• WHAT THE EXERCISE ASKS: Using the data below, reproduce exactly the lines from the line with "Карта Bielefelder Bettfedern-Manufaktur" to the line with "HYPERPC Keyboard TKL - Зеленый + фиолетовый", both included; pictures must be dropped.

• PROVIDED ENTRIES:
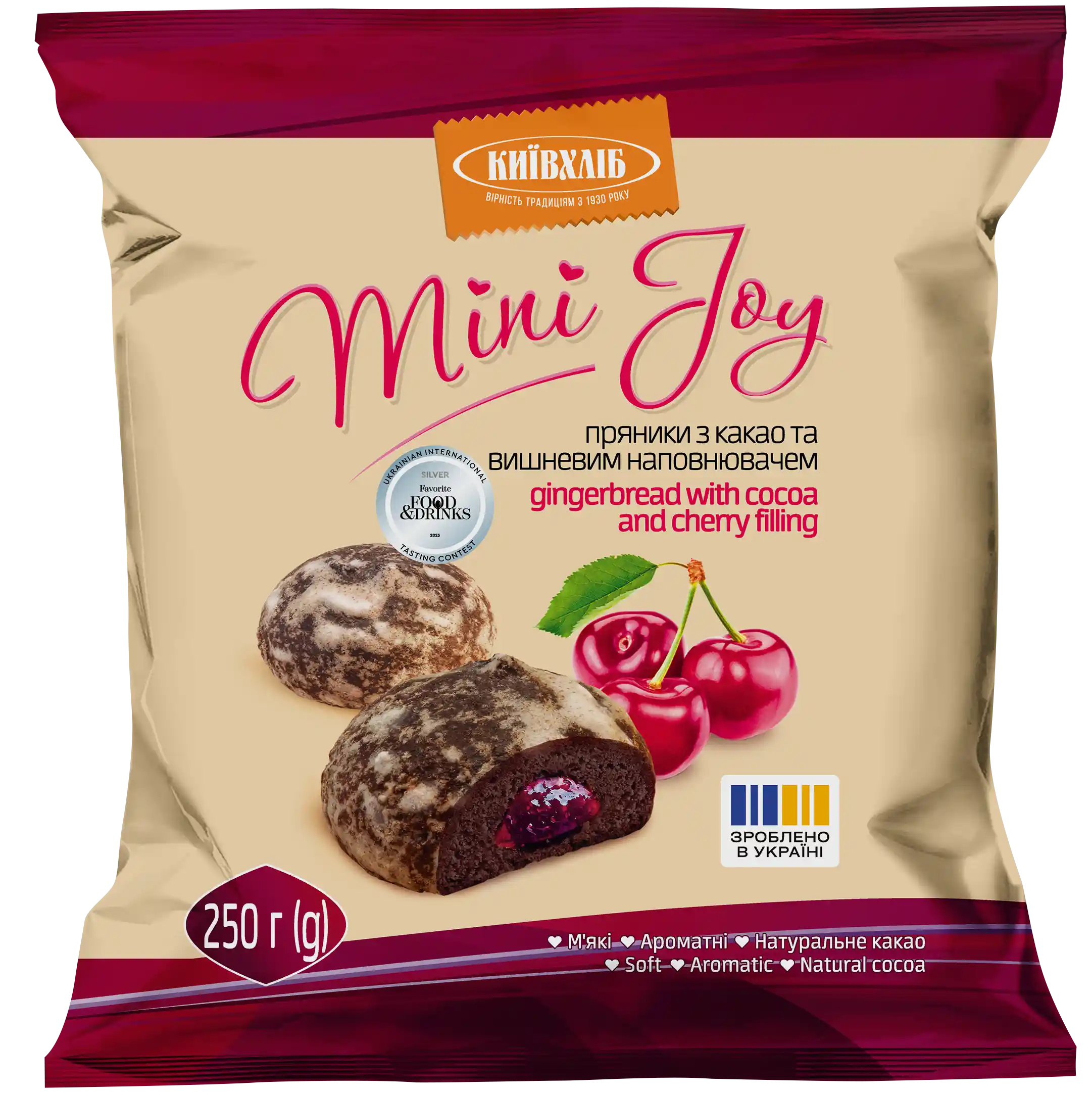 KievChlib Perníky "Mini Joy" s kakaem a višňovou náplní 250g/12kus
--
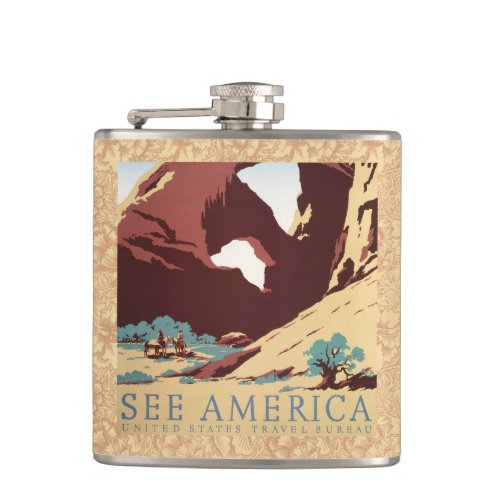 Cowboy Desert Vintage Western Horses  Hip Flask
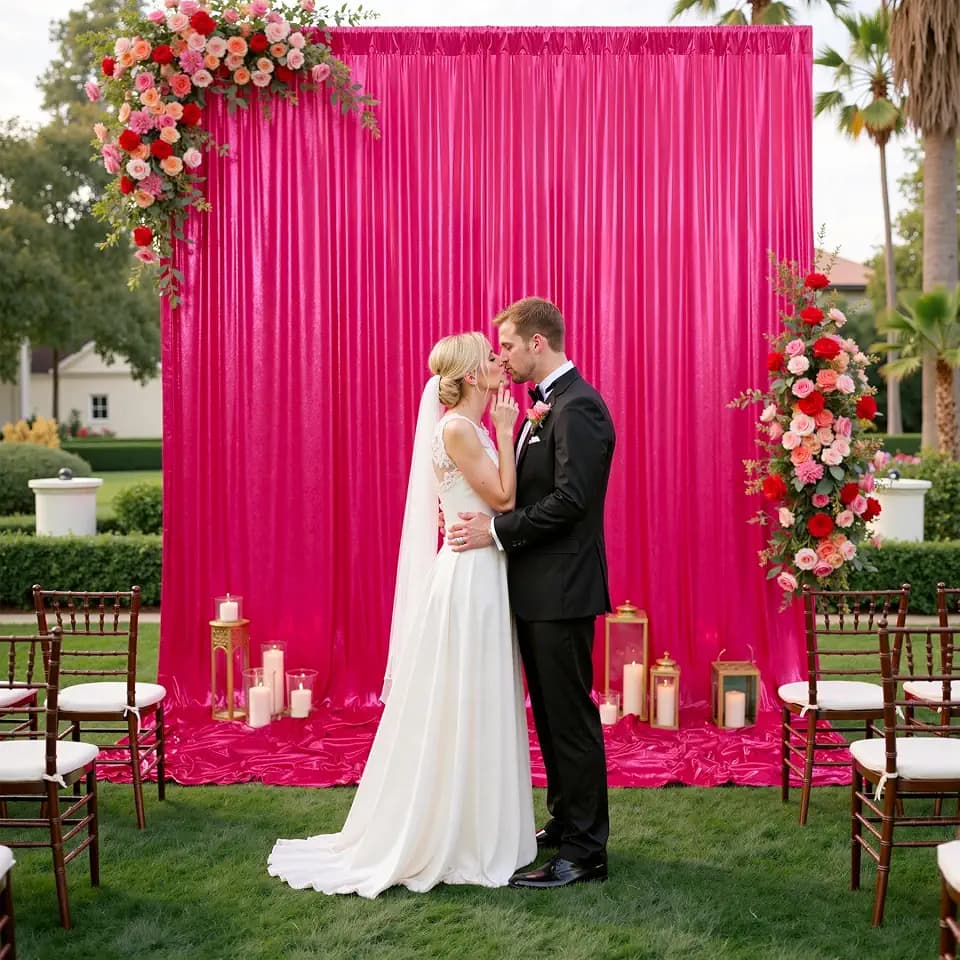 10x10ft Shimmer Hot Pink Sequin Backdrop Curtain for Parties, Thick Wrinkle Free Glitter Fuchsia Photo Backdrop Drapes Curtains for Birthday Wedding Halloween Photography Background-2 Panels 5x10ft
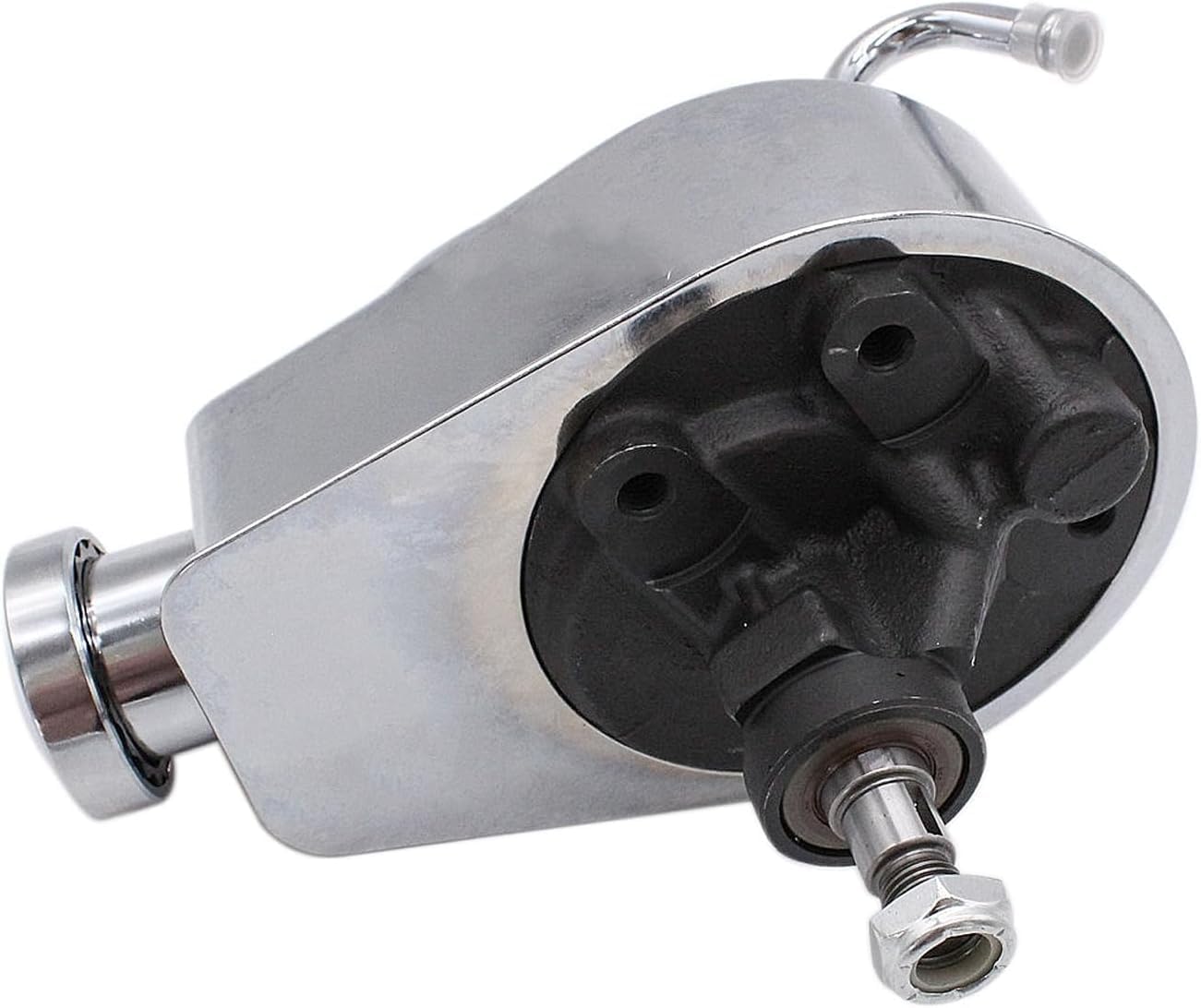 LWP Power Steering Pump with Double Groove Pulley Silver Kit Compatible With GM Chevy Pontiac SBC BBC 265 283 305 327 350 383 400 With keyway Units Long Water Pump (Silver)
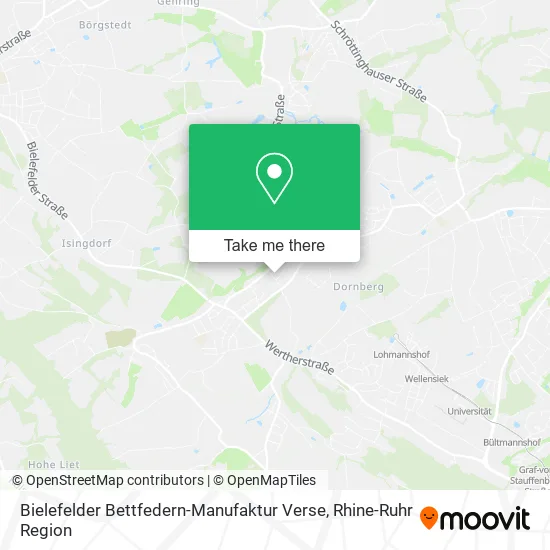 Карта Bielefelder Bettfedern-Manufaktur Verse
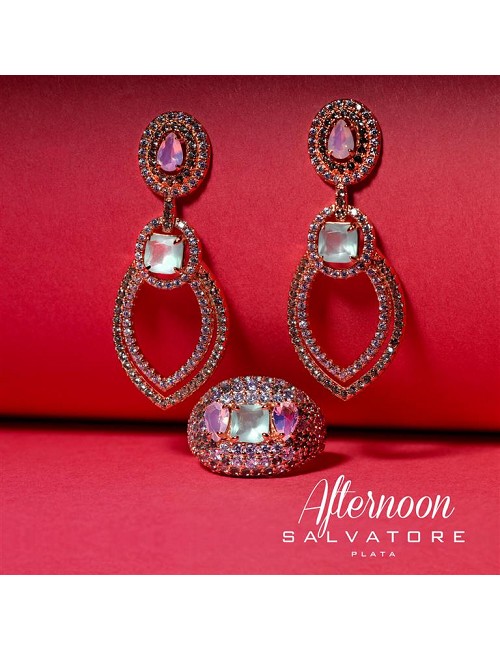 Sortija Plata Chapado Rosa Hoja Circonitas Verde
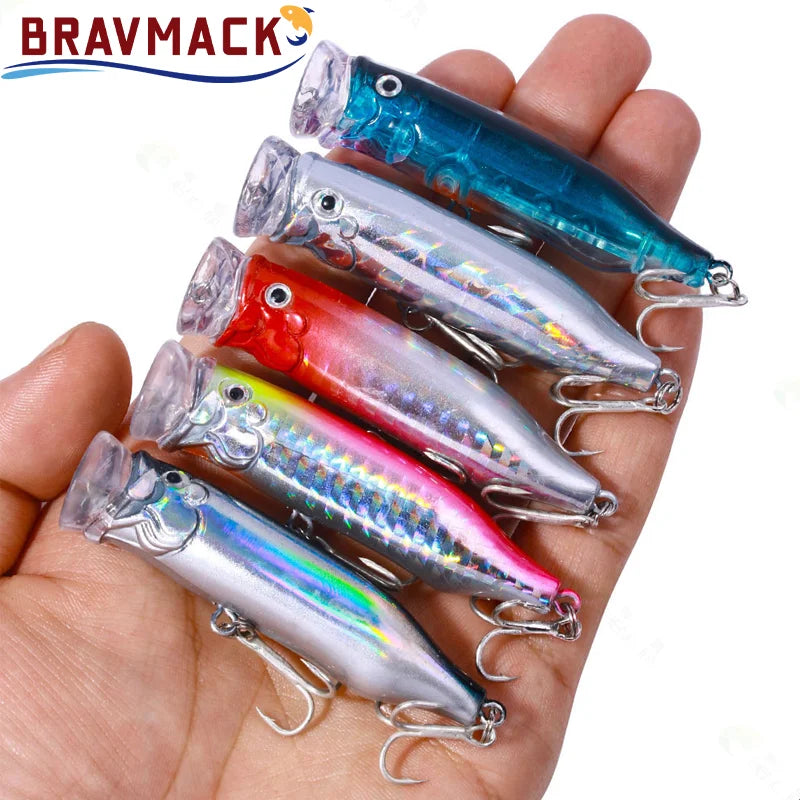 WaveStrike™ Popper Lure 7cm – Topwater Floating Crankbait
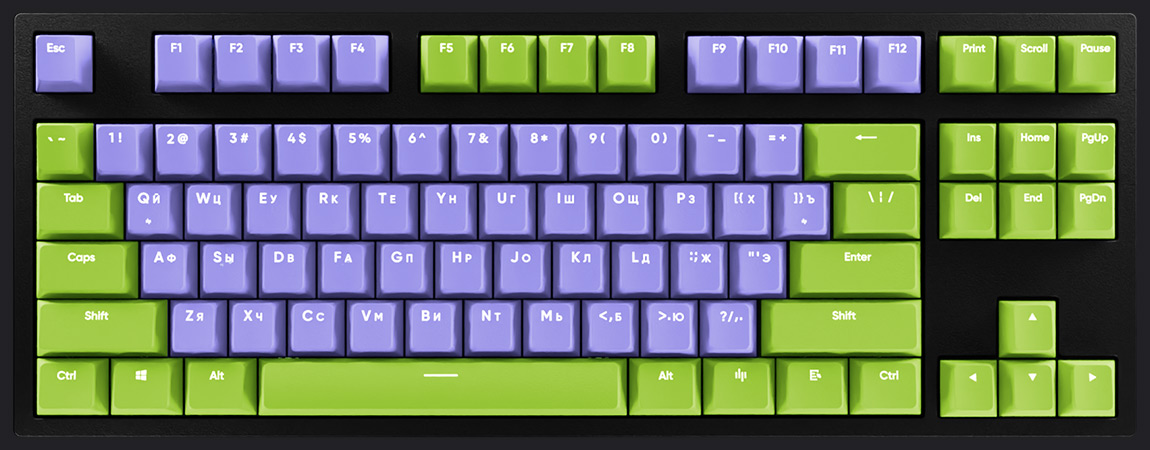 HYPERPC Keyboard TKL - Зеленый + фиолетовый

• THE ANSWER:
 Карта Bielefelder Bettfedern-Manufaktur Verse
 Sortija Plata Chapado Rosa Hoja Circonitas Verde
 WaveStrike™ Popper Lure 7cm – Topwater Floating Crankbait
 HYPERPC Keyboard TKL - Зеленый + фиолетовый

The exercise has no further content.